▸ Prompt
Go to the line containing "LETZTES SPIEL DER HERREN !" in the records below and print it and every following line exactly, on through the line containing "Zum letzten Mal", then stop.

▸ Source material
━━━━━━━━

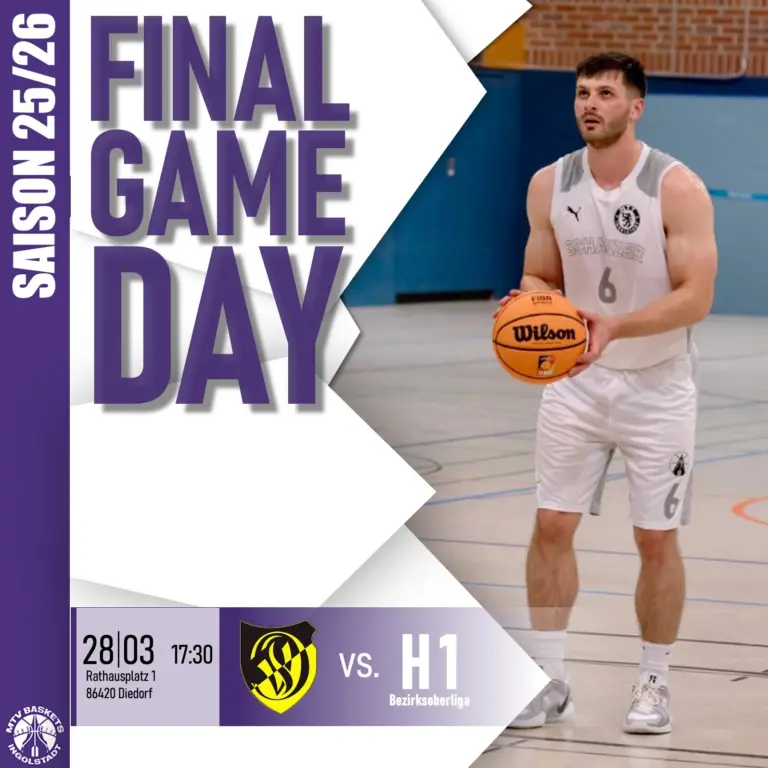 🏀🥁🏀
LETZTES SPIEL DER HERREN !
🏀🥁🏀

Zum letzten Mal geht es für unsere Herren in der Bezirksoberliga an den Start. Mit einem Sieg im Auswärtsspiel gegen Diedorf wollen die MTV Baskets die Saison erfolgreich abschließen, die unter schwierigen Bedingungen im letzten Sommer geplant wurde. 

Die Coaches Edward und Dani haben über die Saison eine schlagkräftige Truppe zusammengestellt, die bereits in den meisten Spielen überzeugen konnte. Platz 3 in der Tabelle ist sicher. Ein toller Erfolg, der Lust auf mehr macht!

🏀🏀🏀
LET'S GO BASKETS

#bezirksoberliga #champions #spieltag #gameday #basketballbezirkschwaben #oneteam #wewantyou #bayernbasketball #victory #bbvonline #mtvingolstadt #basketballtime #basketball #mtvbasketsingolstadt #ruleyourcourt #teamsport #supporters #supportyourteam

━━━━━━━━

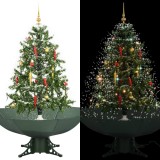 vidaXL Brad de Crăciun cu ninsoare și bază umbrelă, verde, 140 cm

━━━━━━━━

▸ Written response
LETZTES SPIEL DER HERREN !
🏀🥁🏀

Zum letzten Mal geht es für unsere Herren in der Bezirksoberliga an den Start. Mit einem Sieg im Auswärtsspiel gegen Diedorf wollen die MTV Baskets die Saison erfolgreich abschließen, die unter schwierigen Bedingungen im letzten Sommer geplant wurde. 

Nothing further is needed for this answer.